ㅁ Never consider the reasons for things. Don't even think on the hummingbirds' wings. Doubt all the logic the wide world presents. Let's all go back to sharp stones and skin tents.
Caveat: Poem #1722 “Thirty-fourth stanza”
ㅁ Kiamon thought about stories and songs, struggled to figure out what was her own. Only the ending seemed clear in the least, all was a blur beyond that, she was sure.
Caveat: Poem #1721 “Thirty-third stanza”
ㅁ Kiamon looked at the rocks and the stones scattered about on the slope by the road. Pointlessness dwelt in her frustrated mind: what could she do but attempt to survive?
Caveat: Poem #1623 “Thirty-second stanza”
ㅁ Kiamon struggled to push on alone, lacking the help her ancestors had known. Dancing the stories she'd learned as a child, Ghosts only watched like shy beasts in the wild.
Caveat: Poem #1608 “Thirty-first stanza”
ㅁ Kiamon looked at the city, its lights: flickering images limning her nights. Quietly brooding, she pondered her pain, but, in the end, she just sat in the rain.
Caveat: Poem #1570 “Thirtieth stanza”
ㅁ Kiamon couldn't help asking the ghosts. Late in the night they would lurk on the coast, drifting along the wide lake's rocky shore, helpless and hoping to not be ignored.

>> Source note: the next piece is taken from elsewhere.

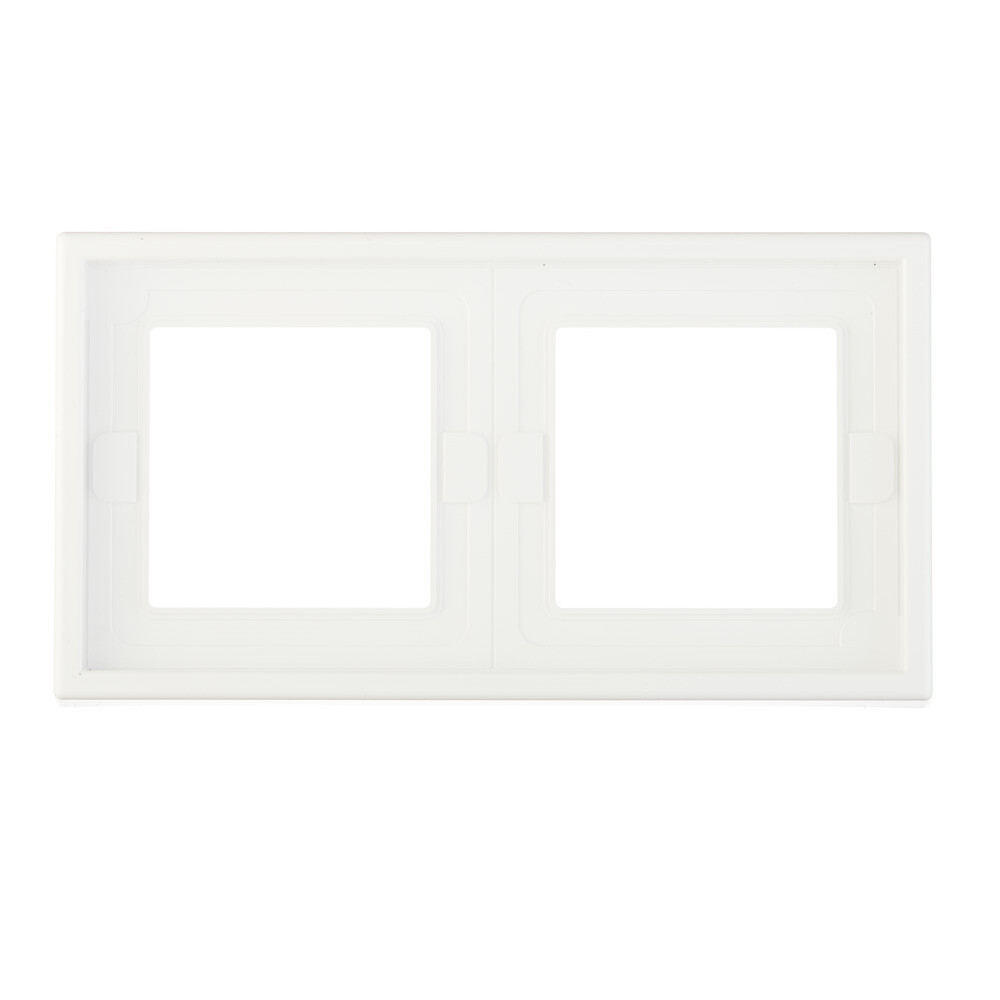 

Рамка Systeme Electric ArtGallery двухместная белая (GAL440102), Белый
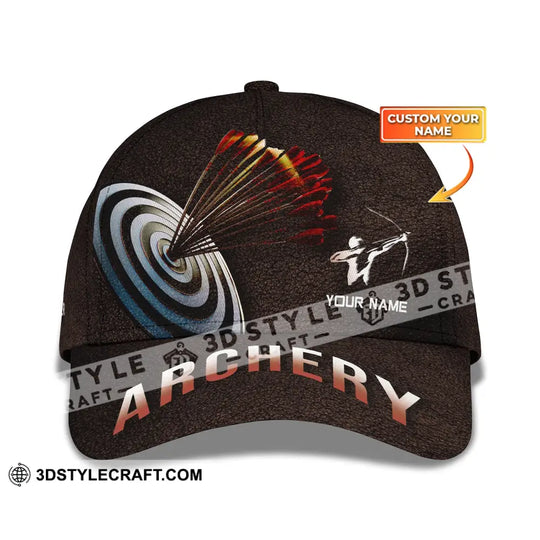 Unisex Cap, Personalized Archery Classic Cap, Archery Hat, Gift for Archery Lovers style option 1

Caveat: Poem #1569 “Twenty-ninth stanza”
ㅁ Kiamon sat there and looked at the crowd. Tables were packed and the cafe was loud. Still, down inside, she felt empty as wind. Nothing was true. Her mood was chagrined.
Caveat: Poem #1568 “Twenty-eighth stanza”
ㅁ Kiamon knew in the tomb of her heart: All was a dream and she'd wake with a start Trapped deep inside some philosopher's cave. Meanwhile, she wept at her grandmother's grave.
Caveat: Poem #1567 “Twenty-seventh stanza”
ㅁ Kiamon watched as the sun tasted sky. Clouds were flushed gold and she thought she would die. Gusts licked the dawn and the trees failed to show. Angels cavorted across the fresh snow.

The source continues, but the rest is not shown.